_Task goal_: Repeat only the lines from the one containing "Под Красноармейском государству" to the final line below, exactly as they read, and leave every picture out.

Image-text web data
++++

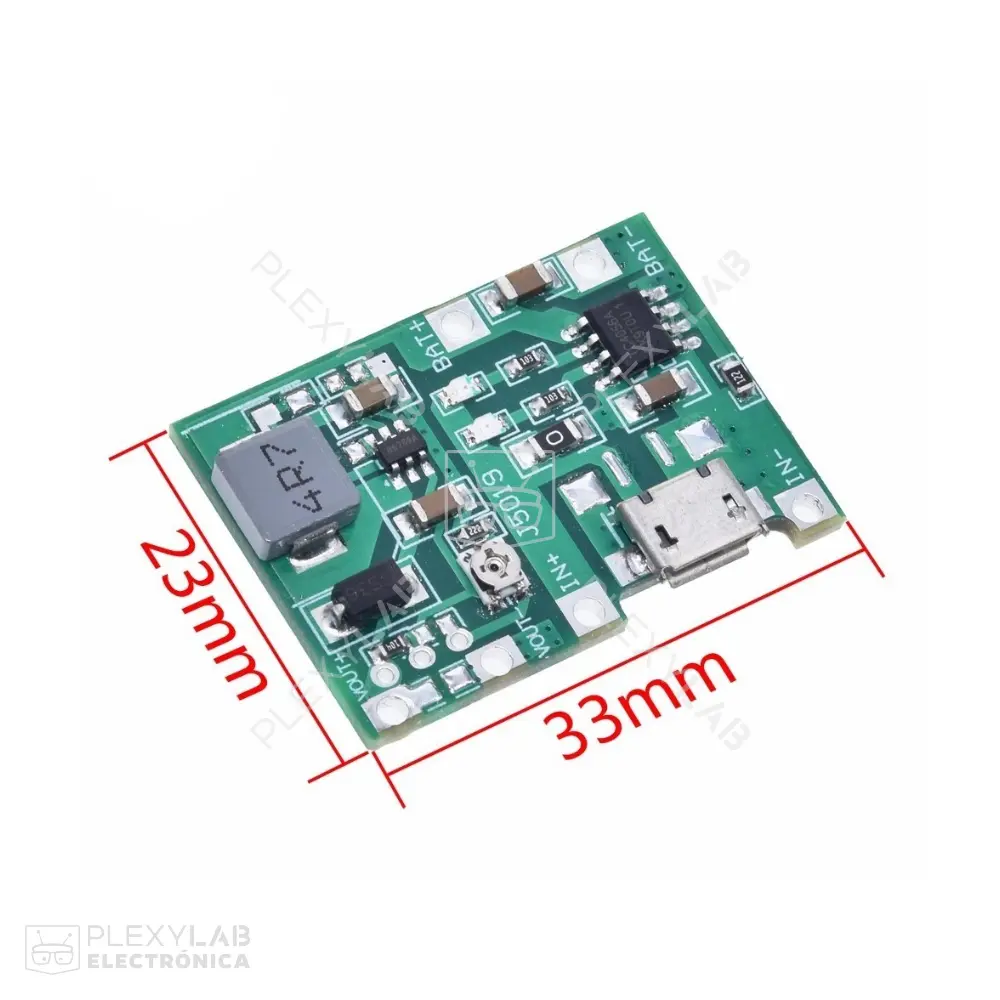 modulo-de-carga-j5019,-tp4056-con-regulador-de-voltaje-step-up-mt3608-004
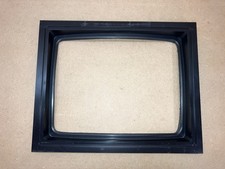 Arcade Cocktail Table / Table Top Monitor PLASTIC SURROUND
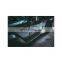 Side Step and Traction Boards for Jeep Wrangler JK 07+ 4x4 Accessories Aluminum Running Board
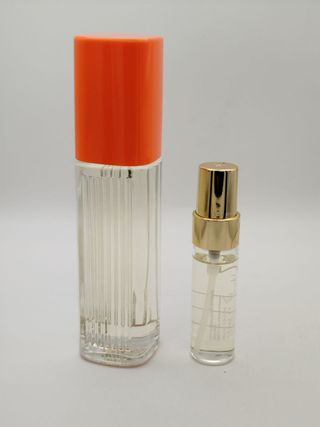 Jovan musk edc 100+mini 15ml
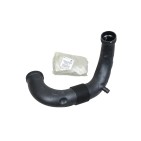 Durite d'Admission d'Air Pour Peugeot Boxer III 3.0 HDi 1369018080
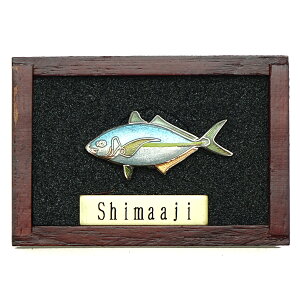 sY V}AW Ȉ { re[W tBbV sY Vintage Fish Pin's C sobW ނ yAZz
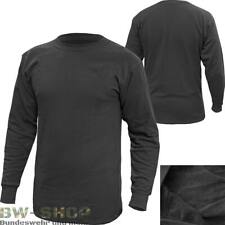 BWuM BUNDESWEHR UNTERHEMD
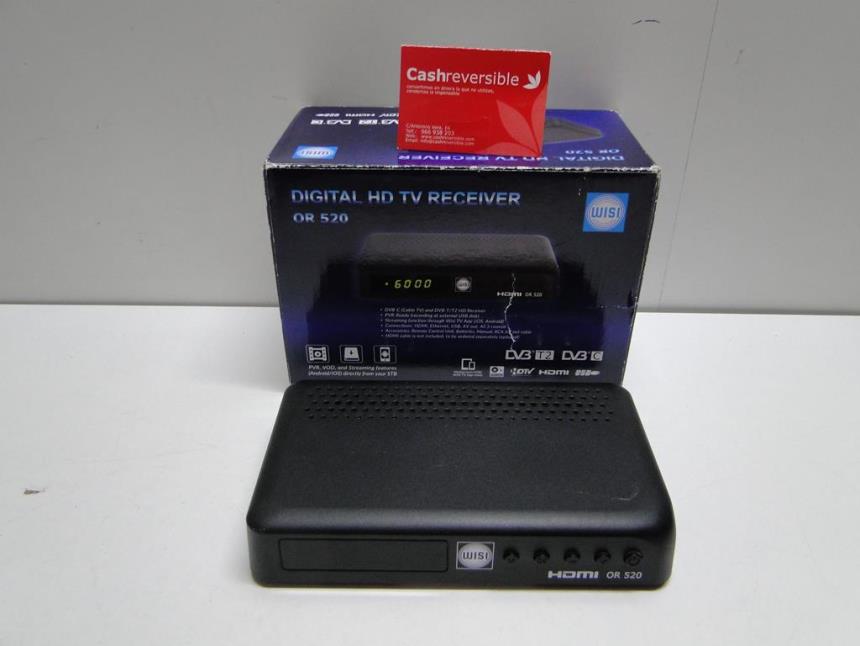 articulos_imagen1_179904.jpg TDT CABLEWORLD COMBO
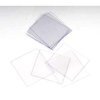 cover-slips-for-microscope-slides-22-x-22-mm-100-pcs_1059_500x500.jpg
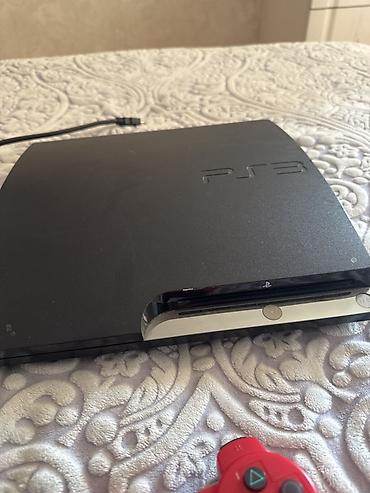 vertu sensor: Gta 5 fifa 19-16 sanandreas deadpol nfs calofdutyblackips mortal — 2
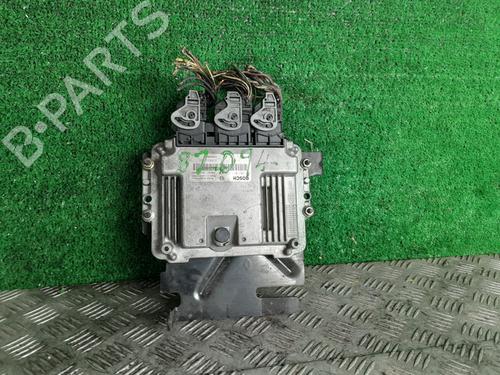 engine-control-unit-ecu-renault-scenic-ii-jm01_-2003-2004-2005-2006-2007-2008-2009-2010-25772027 main image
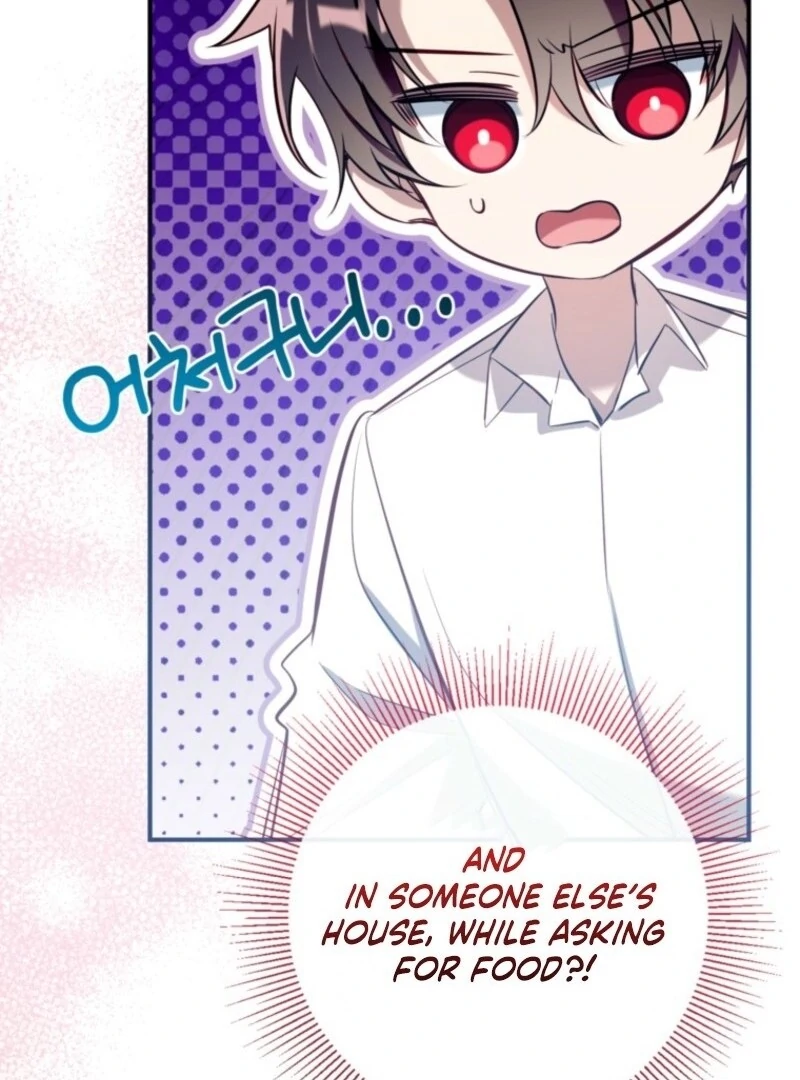 Can We Become a Family? Chapter 153 - Page 118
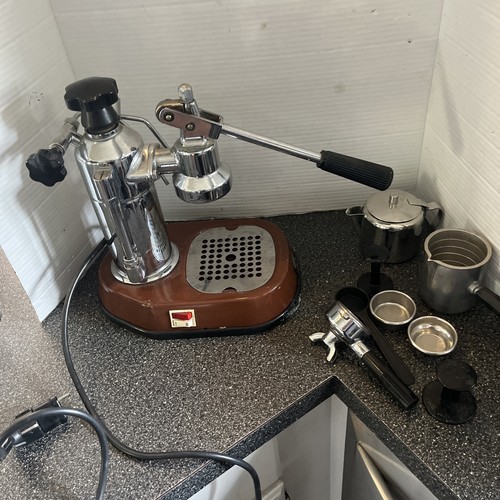 Pavoni europiccola very - la,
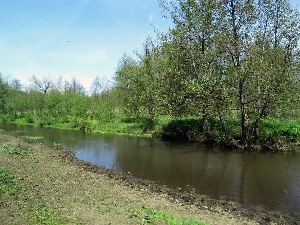 Под Красноармейском государству вернули крупный участок у реки Голый Карамыш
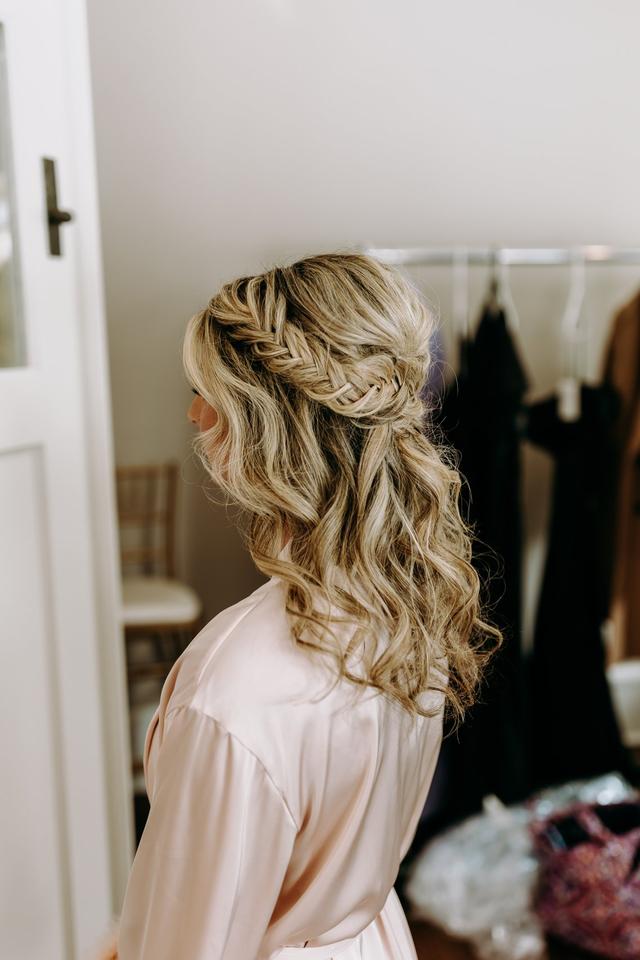 Lovely by Lindsey - 2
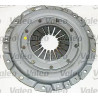 Kit d&#39;embrayage VALEO 0034 00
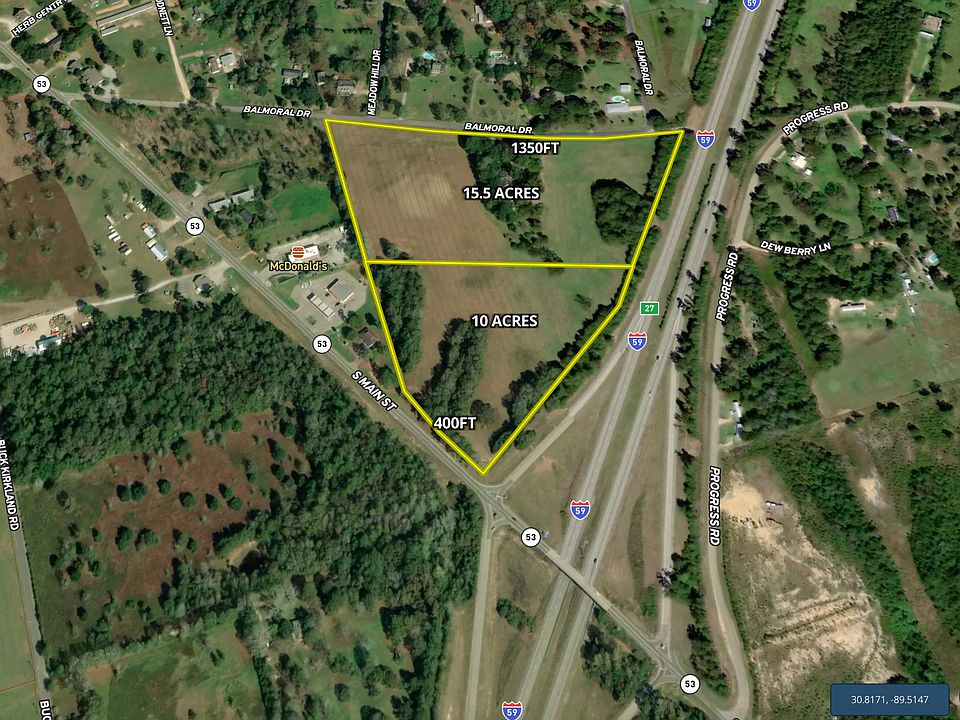 1st image of Highway 52 Lot Wp001
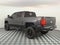 2016 Chevrolet Silverado 1500 LT 4WD *RUNS STRONG!*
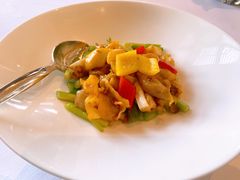-宝丽轩中餐厅BAOLIXUAN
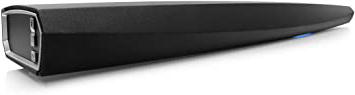 Denon DHT-S716H - Barra de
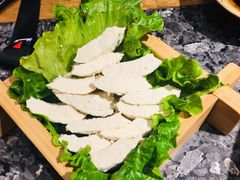 -蜀大侠火锅(四川北路店)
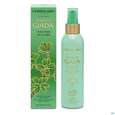 Sie sehen eine Packung L Erbolario Koerperlotion Albero Di Giada Jade 026.2 200ml, Produktbild: 01 L Erbolario Koerperlotion Albero Di Giada Jade 026.2 200ml, A-Nr.: 5167762 - 01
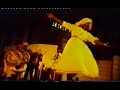 COUNT OSSIE AND THE MYSTIC REVELATION 1974 COUNT OSSIE AND THE MYSTIC REVELATION 1974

++++

_Finished exercise_:
 Под Красноармейском государству вернули крупный участок у реки Голый Карамыш
 Lovely by Lindsey - 2
 Kit d&#39;embrayage VALEO 0034 00
 1st image of Highway 52 Lot Wp001
 2016 Chevrolet Silverado 1500 LT 4WD *RUNS STRONG!*
-宝丽轩中餐厅BAOLIXUAN
 Denon DHT-S716H - Barra de
 -蜀大侠火锅(四川北路店)
 Sie sehen eine Packung L Erbolario Koerperlotion Albero Di Giada Jade 026.2 200ml, Produktbild: 01 L Erbolario Koerperlotion Albero Di Giada Jade 026.2 200ml, A-Nr.: 5167762 - 01
 COUNT OSSIE AND THE MYSTIC REVELATION 1974 COUNT OSSIE AND THE MYSTIC REVELATION 1974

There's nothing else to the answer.